As the Kremlin can’t count on support from the Belarusian ruling elites or the population, its plans to incorporate Belarus will have to include a scenario that involves the use of force. But this, in turn, would unavoidably trigger new major international sanctions. The cost of the operation itself and the volume of subsidies required for a new region five times larger than Crimea would end up extremely high. Especially if the West would then isolate Belarus with economic sanctions, as it did with Crimea.

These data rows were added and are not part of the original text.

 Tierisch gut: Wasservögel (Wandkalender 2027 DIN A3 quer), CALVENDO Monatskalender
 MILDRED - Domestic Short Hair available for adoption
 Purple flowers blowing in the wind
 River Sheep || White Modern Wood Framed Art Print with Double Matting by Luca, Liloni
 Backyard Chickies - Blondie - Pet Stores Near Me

Lukashenko will have to implement reforms
It would be wrong to believe that the Russian government is willing to go to any lengths to boost its ratings. If this were the case, Vladimir Putin would not have raised the retirement age, which was ultimately the most unpopular reform of his entire career. Moreover, the incorporation of Belarus doesn’t even guarantee an increase in popular support.
The latest polls indicate that Russians are tired of their country’s participation in international conflicts and increasingly want to see their government pursue a more peaceful foreign policy. There’s a risk that any attempt to buy their support again with a new geopolitical venture will end up being a catalyst for irritation rather than elation.

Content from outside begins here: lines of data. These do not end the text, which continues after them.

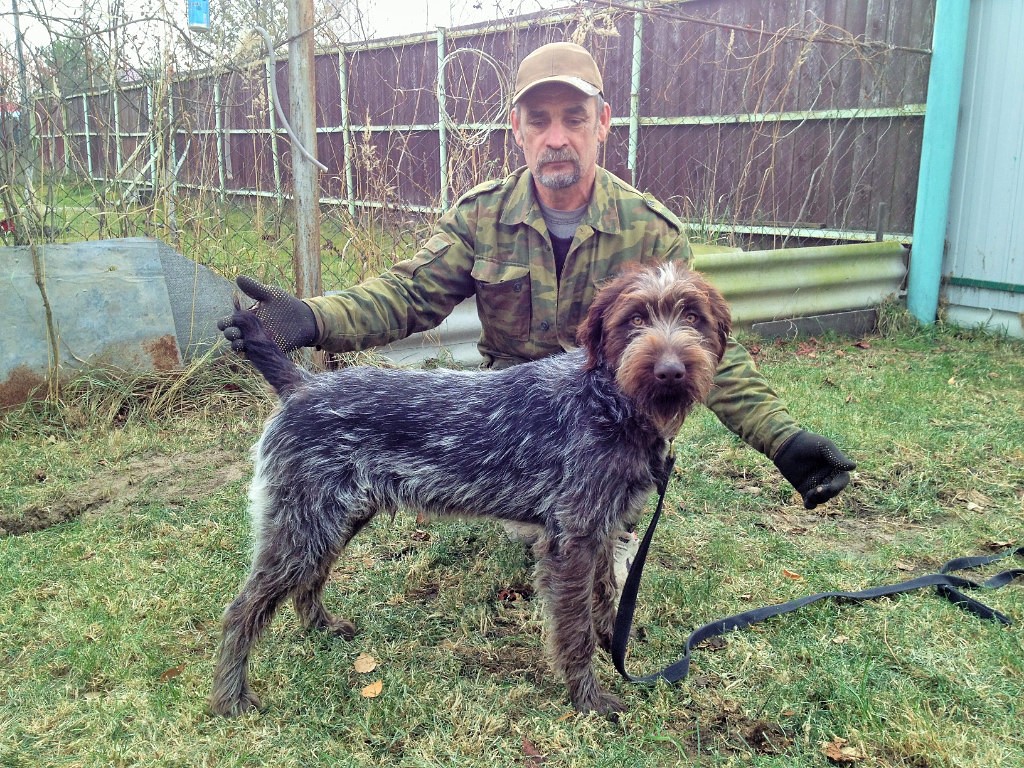 Дратхаар, Веджетта-Азор, ID по базе HuntDogs.Ru: 41909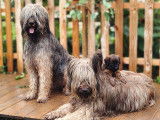 The Canadian Briard Club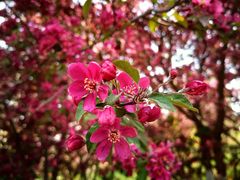 -海棠花溪(元大都城垣遗址公园)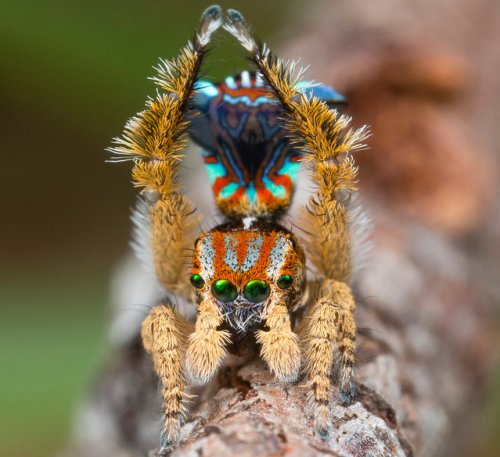 Удивительная макросъемка насекомых (16 фото)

Does this mean that Lukashenko will have to settle for implementing reforms? To a certain extent, the answer is yes.
Consequently, it would be a lot easier for the Kremlin to amend the Russian constitution to allow Putin to remain in office than to orchestrate an annexation of Belarus – an operation which is fraught with real risks and costs and certainly doesn’t guarantee any benefits. It’s more likely that the ‘Medvedev ultimatum’ arose not because Russia intended to incorporate Belarus but because it wants to save money.

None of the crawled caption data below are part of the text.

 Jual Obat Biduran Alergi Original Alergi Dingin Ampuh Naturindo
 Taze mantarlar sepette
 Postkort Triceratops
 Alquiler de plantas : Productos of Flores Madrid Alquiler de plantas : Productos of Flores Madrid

Nonetheless, Minsk will still try to get some kind of compensation in advance of the tax manoeuvre, dragging its heels on talks about integration in the new ‘working group’. But Moscow’s harsh rhetoric demonstrates that Minsk doesn’t have much of a chance of maintaining its oil revenue solely on the basis of references to ‘brotherhood.’
Does this mean that Lukashenko will have to settle for implementing reforms? To a certain extent, the answer is yes. We are not talking about democratisation here but rather about forced development of a market economy. Russia reducing its support strengthens the position of those government officials in Belarus who are in favour of deepening market reforms.
Over the last five years, the cuts in financial support for the public sector and the relaxing of restrictions on private business has already resulted in growing the share of people employed in the latter sector from 30 to 50 per cent. The private sector is absorbing the labour force that is gradually being laid off by inefficient state-owned enterprises. This process is set to continue. In all probability, Minsk will unfreeze the negotiations with the International Monetary Fund (IMF) on the issue of signing a new credit program. But this is unlikely to happen before the presidential elections which have to take place in 2019 or 2020.
These processes will almost certainly diminish the quality of life of Belarusians for some time. But, for an authoritarian leader with a reliable security apparatus, it’s easier to hold on to power in a country with a poor population than to give up part of its sovereignty to Russia.